TRY IT: Copy out every line below without alteration.

DATASET CONTENT:

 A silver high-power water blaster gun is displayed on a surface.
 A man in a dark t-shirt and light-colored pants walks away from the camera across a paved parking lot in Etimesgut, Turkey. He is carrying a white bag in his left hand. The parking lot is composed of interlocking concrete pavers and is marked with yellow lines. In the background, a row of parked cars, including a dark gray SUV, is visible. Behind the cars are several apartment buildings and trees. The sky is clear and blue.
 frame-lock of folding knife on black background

SOLUTION TO THE EXERCISE:
 A silver high-power water blaster gun is displayed on a surface.
 A man in a dark t-shirt and light-colored pants walks away from the camera across a paved parking lot in Etimesgut, Turkey. He is carrying a white bag in his left hand. The parking lot is composed of interlocking concrete pavers and is marked with yellow lines. In the background, a row of parked cars, including a dark gray SUV, is visible. Behind the cars are several apartment buildings and trees. The sky is clear and blue.
 frame-lock of folding knife on black background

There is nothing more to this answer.